私の生まれるずっと以前から歌い続けている人ですから、小さなライブハウスで近くに観るのは奇妙な感覚でもあります。
小柄な体に帽子を載せた姿はリアル・スナフキンのようであり、写真でみる以上にきれいな目。ギター一本で歌い出した途端、レコードで聴いてきたのと少し違うような、含羞がありどこか可愛らしいようでありつつ、しかしソリッドに掠れたお声で、おおお、友部正人やんか!と不思議な感じでした。
そしてなんといっても、詞、ことばがぴしぴしと届くのでした。
これは、どの出演者よりも圧倒的でした。
ショーとしてウケを狙ったり奇をてらったりせず、淡々と歌の力だけで勝負しようとするスタイルで、おしゃべりも「ギョーカイノリ」みたいのがまったくなく、ミュージシャンというよりはこの人は詩人なのであるなあ、と思いました。いろいろ騒がしいであろうギョーカイの中で、あんなきれいな目のままいられるのであるなあ。

私は友部さんの最近の曲は全然知らないので、ほぼ知らない曲ばかりでした。まだ2回しか人前で演奏していないという出来立ての曲などもありました。

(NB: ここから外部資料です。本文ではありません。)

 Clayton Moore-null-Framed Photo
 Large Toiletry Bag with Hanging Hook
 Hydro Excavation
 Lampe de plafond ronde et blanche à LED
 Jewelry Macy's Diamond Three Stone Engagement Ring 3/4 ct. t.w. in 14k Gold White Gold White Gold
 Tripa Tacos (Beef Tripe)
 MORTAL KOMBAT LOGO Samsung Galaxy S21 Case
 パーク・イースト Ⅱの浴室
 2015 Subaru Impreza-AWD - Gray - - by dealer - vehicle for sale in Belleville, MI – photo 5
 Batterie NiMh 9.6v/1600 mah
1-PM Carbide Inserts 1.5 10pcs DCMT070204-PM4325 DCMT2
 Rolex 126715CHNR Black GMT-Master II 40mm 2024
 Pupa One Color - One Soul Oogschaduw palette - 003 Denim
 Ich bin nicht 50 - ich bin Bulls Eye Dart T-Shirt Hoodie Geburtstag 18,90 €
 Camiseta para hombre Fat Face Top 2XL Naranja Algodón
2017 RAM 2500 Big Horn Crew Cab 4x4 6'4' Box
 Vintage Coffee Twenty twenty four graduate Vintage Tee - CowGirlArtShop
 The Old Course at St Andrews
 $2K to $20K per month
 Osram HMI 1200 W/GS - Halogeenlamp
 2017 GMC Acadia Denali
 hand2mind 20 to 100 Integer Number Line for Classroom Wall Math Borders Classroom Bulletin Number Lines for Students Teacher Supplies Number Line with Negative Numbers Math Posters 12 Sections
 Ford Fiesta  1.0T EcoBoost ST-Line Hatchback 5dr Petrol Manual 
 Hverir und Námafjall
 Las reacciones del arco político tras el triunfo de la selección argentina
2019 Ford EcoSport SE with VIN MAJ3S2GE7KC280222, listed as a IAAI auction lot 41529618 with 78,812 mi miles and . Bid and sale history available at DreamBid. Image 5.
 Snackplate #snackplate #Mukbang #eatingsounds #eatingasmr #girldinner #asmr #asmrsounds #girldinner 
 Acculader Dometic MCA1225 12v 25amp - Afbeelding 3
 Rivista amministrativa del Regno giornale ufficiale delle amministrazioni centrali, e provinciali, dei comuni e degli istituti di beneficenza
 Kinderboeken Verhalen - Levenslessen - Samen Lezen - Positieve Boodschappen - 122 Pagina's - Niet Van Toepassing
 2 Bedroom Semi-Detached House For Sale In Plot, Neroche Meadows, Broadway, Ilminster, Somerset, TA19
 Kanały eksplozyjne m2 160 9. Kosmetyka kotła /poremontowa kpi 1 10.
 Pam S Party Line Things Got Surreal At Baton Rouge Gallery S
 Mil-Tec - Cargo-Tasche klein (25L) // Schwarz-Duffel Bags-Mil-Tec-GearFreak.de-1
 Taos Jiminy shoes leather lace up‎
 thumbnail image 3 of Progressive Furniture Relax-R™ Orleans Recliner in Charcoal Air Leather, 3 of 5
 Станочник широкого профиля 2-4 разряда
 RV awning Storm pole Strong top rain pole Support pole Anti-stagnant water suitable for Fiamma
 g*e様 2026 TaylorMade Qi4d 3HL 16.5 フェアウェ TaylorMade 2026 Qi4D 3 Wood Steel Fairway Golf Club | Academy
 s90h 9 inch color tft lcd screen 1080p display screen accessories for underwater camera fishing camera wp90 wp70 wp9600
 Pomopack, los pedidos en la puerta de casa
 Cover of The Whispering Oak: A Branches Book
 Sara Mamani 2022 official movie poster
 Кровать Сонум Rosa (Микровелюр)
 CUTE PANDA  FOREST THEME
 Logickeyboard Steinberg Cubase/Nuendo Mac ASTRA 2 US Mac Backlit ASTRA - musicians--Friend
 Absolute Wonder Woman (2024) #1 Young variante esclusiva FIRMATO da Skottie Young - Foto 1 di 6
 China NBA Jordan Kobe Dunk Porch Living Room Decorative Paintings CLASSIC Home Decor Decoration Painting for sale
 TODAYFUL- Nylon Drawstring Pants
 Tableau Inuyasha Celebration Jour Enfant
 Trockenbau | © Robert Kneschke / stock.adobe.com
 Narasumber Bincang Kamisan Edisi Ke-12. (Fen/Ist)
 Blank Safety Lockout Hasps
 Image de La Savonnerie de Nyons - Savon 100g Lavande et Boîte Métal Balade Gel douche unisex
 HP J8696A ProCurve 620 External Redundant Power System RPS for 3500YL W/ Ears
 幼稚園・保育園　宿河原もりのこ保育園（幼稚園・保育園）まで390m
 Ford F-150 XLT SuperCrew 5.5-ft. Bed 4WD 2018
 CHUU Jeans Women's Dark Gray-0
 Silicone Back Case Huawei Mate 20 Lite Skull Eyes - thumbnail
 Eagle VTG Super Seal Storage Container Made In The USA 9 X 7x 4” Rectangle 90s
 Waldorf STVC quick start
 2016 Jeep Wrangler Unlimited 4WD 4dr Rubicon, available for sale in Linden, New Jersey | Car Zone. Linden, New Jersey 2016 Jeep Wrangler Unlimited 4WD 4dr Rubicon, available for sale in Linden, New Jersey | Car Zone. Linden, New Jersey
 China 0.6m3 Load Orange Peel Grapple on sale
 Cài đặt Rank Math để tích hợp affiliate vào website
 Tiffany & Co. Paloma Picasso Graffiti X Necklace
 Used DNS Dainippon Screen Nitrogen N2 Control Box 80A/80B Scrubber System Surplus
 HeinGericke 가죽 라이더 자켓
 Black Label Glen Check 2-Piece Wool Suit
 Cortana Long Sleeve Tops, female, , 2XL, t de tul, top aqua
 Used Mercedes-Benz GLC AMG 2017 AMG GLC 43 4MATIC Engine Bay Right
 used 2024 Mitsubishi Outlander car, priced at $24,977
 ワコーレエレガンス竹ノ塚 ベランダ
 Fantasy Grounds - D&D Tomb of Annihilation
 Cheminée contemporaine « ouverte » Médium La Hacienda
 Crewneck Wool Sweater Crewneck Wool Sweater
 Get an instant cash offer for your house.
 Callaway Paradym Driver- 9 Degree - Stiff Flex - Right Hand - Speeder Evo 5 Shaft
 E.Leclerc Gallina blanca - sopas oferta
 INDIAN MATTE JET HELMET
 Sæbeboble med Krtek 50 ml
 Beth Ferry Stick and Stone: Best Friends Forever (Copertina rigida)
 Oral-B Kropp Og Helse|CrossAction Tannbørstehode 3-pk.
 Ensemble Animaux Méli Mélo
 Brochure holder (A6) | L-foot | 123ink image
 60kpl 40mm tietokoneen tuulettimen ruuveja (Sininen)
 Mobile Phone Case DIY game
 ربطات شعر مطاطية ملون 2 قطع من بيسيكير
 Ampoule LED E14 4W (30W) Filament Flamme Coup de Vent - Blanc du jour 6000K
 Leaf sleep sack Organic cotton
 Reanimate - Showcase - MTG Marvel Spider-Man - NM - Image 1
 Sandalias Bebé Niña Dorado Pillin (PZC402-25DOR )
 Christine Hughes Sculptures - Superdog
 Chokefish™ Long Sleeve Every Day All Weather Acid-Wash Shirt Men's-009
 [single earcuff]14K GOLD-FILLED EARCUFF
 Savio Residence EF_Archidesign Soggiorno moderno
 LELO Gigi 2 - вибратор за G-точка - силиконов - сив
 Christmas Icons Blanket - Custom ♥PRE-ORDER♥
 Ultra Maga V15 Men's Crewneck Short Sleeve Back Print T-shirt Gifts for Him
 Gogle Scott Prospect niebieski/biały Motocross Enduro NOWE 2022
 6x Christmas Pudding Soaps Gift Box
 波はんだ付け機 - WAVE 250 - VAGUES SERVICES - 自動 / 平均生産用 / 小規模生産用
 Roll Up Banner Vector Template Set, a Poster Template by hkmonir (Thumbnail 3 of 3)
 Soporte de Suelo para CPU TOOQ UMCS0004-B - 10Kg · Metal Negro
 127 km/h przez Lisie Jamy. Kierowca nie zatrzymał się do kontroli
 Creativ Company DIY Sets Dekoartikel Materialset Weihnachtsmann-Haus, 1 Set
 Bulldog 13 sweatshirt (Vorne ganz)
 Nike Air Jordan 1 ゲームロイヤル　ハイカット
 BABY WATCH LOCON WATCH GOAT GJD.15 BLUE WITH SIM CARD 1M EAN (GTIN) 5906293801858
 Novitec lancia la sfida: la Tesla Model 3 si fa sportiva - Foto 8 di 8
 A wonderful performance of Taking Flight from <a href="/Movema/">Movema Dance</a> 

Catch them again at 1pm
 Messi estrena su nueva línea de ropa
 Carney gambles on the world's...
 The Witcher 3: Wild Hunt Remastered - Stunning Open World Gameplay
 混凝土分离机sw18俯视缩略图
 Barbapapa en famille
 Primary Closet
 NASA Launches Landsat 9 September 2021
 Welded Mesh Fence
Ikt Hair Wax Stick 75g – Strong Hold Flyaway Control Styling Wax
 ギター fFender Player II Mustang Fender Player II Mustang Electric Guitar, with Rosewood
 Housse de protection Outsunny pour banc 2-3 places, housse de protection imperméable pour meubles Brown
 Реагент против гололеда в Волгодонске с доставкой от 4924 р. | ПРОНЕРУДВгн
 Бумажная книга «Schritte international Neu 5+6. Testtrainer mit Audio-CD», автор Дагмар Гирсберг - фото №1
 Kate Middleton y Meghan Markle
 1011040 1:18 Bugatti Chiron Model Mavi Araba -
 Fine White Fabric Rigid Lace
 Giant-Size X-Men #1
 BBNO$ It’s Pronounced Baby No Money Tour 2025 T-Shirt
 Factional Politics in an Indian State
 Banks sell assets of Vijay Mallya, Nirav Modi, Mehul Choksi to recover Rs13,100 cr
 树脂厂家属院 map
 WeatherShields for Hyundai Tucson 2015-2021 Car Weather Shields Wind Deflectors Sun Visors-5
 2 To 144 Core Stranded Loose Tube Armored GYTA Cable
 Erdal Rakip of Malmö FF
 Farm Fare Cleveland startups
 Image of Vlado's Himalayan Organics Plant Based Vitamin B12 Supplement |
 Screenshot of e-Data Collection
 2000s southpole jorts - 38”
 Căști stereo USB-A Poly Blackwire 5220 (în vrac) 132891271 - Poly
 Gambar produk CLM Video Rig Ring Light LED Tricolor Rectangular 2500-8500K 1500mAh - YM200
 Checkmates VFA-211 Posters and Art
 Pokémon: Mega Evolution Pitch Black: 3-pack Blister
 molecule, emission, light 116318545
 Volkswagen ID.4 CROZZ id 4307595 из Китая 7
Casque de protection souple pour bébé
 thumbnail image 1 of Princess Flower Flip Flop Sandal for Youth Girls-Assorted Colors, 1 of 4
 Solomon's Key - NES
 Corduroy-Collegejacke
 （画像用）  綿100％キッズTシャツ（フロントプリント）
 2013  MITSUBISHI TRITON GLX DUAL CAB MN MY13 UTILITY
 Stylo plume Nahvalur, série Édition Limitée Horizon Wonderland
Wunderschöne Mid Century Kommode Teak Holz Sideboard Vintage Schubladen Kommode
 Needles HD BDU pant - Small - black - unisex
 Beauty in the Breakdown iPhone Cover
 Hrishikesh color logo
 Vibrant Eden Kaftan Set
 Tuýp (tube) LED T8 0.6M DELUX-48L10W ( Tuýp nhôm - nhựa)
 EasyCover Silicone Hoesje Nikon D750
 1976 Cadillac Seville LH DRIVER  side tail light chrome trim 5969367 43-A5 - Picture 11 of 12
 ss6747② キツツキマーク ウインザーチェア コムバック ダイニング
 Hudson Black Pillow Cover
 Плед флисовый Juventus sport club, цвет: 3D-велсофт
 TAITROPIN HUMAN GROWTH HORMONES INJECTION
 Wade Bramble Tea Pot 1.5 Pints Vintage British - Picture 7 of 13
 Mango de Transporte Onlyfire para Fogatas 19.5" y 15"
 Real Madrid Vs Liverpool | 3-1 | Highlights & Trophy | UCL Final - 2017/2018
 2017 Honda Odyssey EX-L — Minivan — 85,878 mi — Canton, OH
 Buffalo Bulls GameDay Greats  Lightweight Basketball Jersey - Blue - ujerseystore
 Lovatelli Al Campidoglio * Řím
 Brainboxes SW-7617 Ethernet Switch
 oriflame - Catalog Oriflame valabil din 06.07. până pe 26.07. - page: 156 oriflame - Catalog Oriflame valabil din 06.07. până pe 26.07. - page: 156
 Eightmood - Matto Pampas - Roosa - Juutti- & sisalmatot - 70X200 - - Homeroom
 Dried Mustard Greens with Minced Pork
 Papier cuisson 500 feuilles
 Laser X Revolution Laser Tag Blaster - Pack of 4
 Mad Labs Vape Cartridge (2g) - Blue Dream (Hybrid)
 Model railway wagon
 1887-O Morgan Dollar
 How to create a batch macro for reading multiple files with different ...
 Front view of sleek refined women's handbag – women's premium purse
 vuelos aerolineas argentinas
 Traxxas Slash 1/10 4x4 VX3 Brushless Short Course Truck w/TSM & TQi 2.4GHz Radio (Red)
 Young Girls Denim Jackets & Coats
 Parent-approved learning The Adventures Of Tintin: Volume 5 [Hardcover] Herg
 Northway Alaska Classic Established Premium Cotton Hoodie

そしてアンコールでは、友部さん・のりをマーシーの三人で「地球が一番はげた場所」を演奏するというサプライズあり。私と同年代以下の人であれば、この曲を経由して友部正人を知った人も多いんではないでしょうか。
少し勿体ぶって「今日ここに来た人は得です、こういう形でこの曲をやるのは初めて……」と話し始めた時点で既に察した客たちが「わあああー!」となり、「あ、なんだ、みんなもう分かってるんですね……」としょんぼりしておられました。
ワンコーラスずつそれぞれがヴォーカルを取る形式で、最後は互いに笑い合いながらの和気あいあいとした演奏で微笑ましかったです。
マーシーのヴォーカルも、89年の『夏のぬけがら』に収録されているこの曲より深みがあったようで。でもそれは、聴く側の事情かもしれないなとも思いました。
この曲、子供の頃に聴いていたときは、それほど好きでもなかったのです。詞も、「君は顔から影になり」という比喩なんて、友部正人のわりに凡庸やな、とか思ってたのですが、今聴くと、ある他者がまさに顔から影になる瞬間を、なんとぴたりと言い表したフレーズであることか! あれから何度、「そうか、こういうことなのか!」と思ったことか。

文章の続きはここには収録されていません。